However, not everyone is happy to see the old man make a comeback, which should have played out as a ripsnorting and over the top adaptation of one of Harold Robbins' blockbusting novels, trash city basically, just as the source was. Only it didn't work out that way, as for some barely believable reason the filmmakers thought they were making something of artistic worth for the ages, or that's how it looked they were thinking, so when it begins with the crash you wonder if the rest of it will be high octane melodrama, and then you're "treated" to lengthy conversations on car manufacture and the heart sinks. Apparently Robbins thought this was the best version of his work to reach the screen, though how little that said for the others was difficult to ignore.

Really this was punishingly boring, and indicative of how the potential audience wanted to see how the other half lived on the small screen rather than the big, as about this time the inception of the major glitz-tastic television soap operas such as Dallas and Dynasty was right around the corner, proving there were millions of folks around the globe willing to lap this material up. So why was it when the same kind of plots reached the cinemas they were ignored to a greater extent? It could have been the series had more room to breathe and adapt, allowing the viewers to get used to the characters and relish their behaviour, whereas if a movie went on as long as this did all one the one note boredom set in early and never dissipated, especially knowing there was nobody here particularly worth giving the time of day to.

The script teased us this was going to get a lot more steamy and tawdry than it ever did: within five minutes of her initial appearance, Beller has taken off all her clothes and given us a look at her which left nothing to the imagination, but this was dangling a carrot of sleaze that the film never followed up on. Robbins' books didn't sell in their millions because the readers were fascinated with boardroom politics, but that's what this production was under the impression was the case, so whereas if you plunged headfirst into his world you would be drinking in all the sex and violence in the format of a pageturner you would ever want, with the movie the sex scenes were mostly shot above the neck and the violence was not anything you wouldn't get on contemporary TV every night. It was just too staid.
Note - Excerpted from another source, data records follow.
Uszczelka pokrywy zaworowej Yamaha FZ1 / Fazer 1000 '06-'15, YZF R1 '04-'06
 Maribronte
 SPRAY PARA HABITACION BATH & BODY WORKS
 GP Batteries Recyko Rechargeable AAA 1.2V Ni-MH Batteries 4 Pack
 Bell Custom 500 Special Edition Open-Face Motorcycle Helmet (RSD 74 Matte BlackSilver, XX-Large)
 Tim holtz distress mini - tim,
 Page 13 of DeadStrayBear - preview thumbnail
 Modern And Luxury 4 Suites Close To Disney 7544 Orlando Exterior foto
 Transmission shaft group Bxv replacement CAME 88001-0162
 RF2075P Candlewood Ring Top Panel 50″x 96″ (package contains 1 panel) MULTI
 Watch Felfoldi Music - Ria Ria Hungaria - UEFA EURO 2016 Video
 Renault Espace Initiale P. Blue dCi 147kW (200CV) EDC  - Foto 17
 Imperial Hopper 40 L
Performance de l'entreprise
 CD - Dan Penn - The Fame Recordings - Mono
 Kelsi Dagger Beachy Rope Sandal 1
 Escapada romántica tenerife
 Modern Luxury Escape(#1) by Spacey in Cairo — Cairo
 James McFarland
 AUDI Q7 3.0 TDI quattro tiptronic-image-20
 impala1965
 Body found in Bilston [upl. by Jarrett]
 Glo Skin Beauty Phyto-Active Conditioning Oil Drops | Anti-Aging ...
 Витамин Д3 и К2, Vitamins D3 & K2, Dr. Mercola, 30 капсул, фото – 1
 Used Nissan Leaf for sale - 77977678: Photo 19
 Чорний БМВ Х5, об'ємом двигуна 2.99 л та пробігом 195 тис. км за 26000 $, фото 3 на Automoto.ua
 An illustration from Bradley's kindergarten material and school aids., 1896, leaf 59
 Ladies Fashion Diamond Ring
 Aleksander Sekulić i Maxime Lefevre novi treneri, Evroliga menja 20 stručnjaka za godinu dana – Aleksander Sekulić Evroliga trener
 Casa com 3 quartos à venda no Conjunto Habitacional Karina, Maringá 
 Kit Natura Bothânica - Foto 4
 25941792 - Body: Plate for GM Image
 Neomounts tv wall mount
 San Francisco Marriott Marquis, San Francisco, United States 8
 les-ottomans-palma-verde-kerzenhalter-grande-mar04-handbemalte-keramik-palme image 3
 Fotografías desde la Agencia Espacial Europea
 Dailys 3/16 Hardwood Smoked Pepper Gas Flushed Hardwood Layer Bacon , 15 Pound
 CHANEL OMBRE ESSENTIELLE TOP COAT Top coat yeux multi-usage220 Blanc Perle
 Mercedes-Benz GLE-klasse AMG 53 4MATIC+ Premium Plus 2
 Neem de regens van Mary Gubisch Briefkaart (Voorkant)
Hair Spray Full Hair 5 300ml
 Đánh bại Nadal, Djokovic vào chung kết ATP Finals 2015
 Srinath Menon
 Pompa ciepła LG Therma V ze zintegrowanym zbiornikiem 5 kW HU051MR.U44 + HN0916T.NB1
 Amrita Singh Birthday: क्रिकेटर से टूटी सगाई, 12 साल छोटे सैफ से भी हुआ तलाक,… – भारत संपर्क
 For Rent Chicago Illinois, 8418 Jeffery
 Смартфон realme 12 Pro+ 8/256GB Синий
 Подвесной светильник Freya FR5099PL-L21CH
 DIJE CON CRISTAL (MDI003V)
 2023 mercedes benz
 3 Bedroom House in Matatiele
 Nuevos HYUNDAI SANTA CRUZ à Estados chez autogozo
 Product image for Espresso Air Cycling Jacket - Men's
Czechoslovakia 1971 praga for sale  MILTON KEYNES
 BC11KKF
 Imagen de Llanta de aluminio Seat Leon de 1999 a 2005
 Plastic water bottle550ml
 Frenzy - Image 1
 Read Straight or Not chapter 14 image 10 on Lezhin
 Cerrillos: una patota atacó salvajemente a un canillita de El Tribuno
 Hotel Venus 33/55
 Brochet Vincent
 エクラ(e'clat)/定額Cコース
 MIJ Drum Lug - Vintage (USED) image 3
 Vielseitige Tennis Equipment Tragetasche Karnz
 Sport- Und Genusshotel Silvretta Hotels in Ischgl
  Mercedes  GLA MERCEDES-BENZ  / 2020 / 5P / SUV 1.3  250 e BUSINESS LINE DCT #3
There was one person through sheer force of will attempting drag this into a shiny gutter as it would be better suited, and that was Sir Larry. His performance, complete with ridiculous American accent(s), constantly threatened to render this far more entertaining than it actually was, whether cackling like Walter Brennan over his latest scheme or in one of the flashbacks witnessing his daughter-in-law Sally (Katharine Ross) breastfeeding his grandson and taking it as his cue to seduce her. He only does that on her insistence, as she cannot get the image of him shagging a maid on her wedding day out of her mind, and wished she and the maid could have swapped places. Stuff like that could have been ludicrously amusing for camp aficionados, and to be fair for some it is, yet it's presented with such misplaced gravitas the whole affair is weighed down with self-importance, leaving fun thin on the ground. Its all star cast squandered, including Robert Duvall and Lesley-Anne Down doing their best under trying circumstances, The Betsy quickly sputtered and died. Music by John Barry.